I never liked the whole Starbucks “tall, venti, grande” thing but I let it pass because my first experience with Starbucks coffee was so memorable. This was around the mid 90s and they were successful but not as insanely successful as they are now. I lived in Massachusetts, and I visited a Starbucks in Boston and kicked back one their house coffees. It was dark, strong, and powerful. It wasn’t the best I ever had, but it definitely made me pay attention and I still remember it to this day. I actually think Starbucks coffee tasted better back when the chain was still a little hungry; these days I can detect a faint, acrid aftertaste.
But I recently went into a Jamba Juice and I realize that this whole size thing has got to stop. Do you realize that their drinks come in “sixteen,” “original,” and “power”?
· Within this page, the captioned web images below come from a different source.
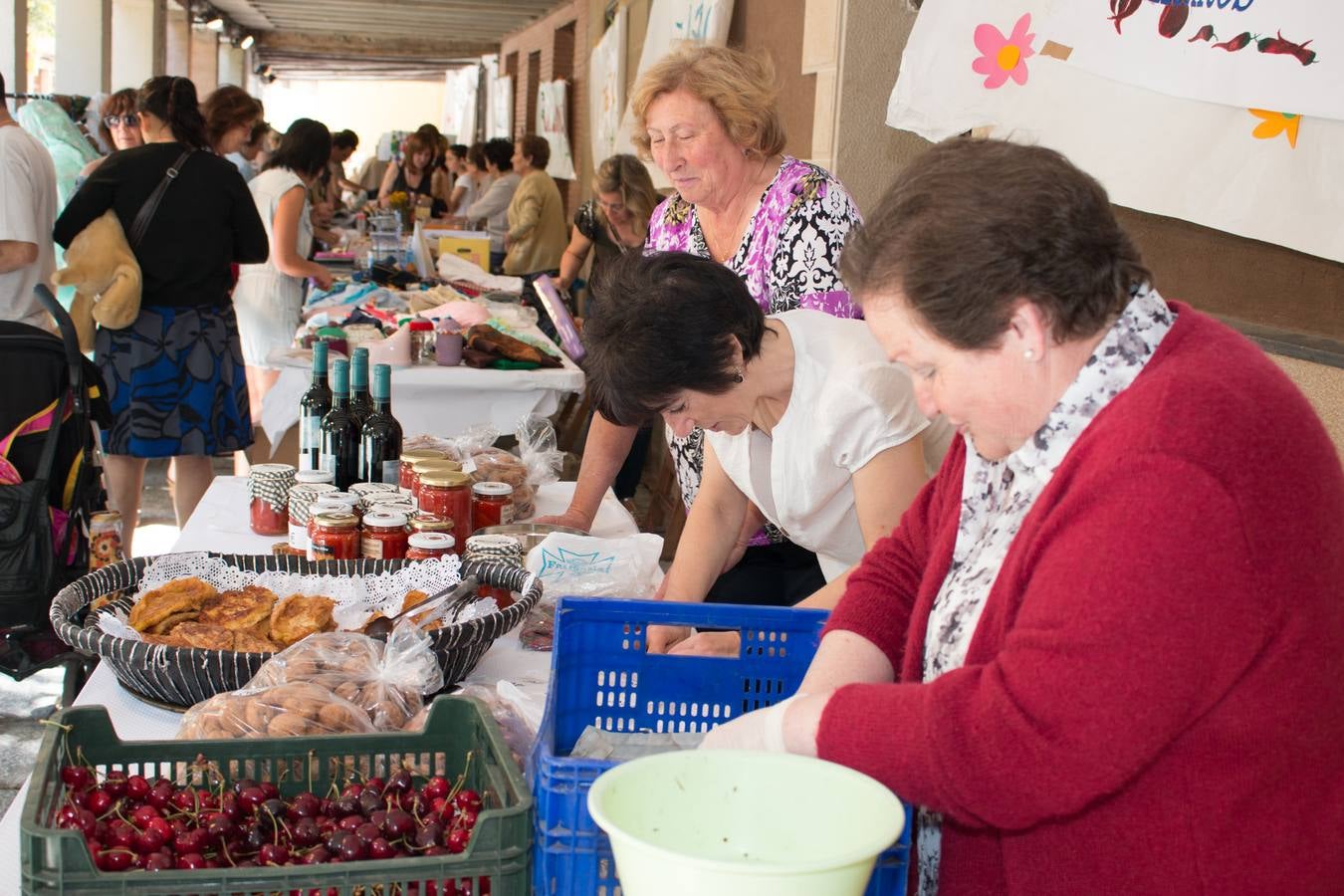 Santo Domingo acoge el Mercado Solidario de Cáritas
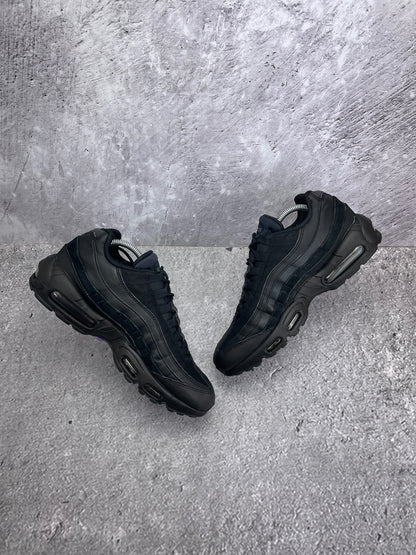 Nike Air Max 95 Essential Triple Black — buty sportowe męskie w bardzo dobrym stanie rozmiar 44, widok z góry na wewnętrzną stronę butów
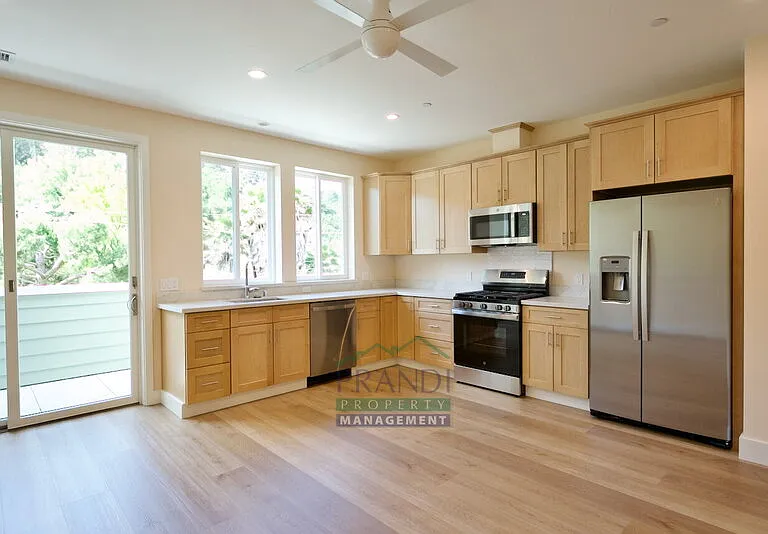 10 E Crescent Dr #A — Photo 4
I’ll be drawn and quartered by a pack of rabid horses before I ever say to anyone, “I’d like to order a sixteen apple-peach matcha with a protein boost.” Why sixteen, anyway? Why not just call it a jailbait?
Screw all these trendy chains with their made up sizes. What next? You walk into Cold Stone Creamery and order a C-Cup Scoop of Pecan and Cream Passion?
I usually talk about trivial matters on this site and eschew politics, but it’s time for all of us to make ourselves heard. They’ll keep trying to screw with us as long as we let them. We need to stand up and buck the system. I want all of you to walk into Starbucks and order a Power Caramel Macchiato, and then go into Jamba Juice and order a Grande Acai Supercharger. And if the “barristers” or “juice jockeys” or whatever the hell they call themselves try to correct you, you tell them “Look, shut the hell up and get me my drink in the exact size that I just ordered. Otherwise I’ll call your manager and bust you so far down the franchise food chain that you’ll be slinging sausages and lemonade at Hot Dog on a Stick, which conveniently come in the sizes of Kidney, Schnauzer, and Ballpark.”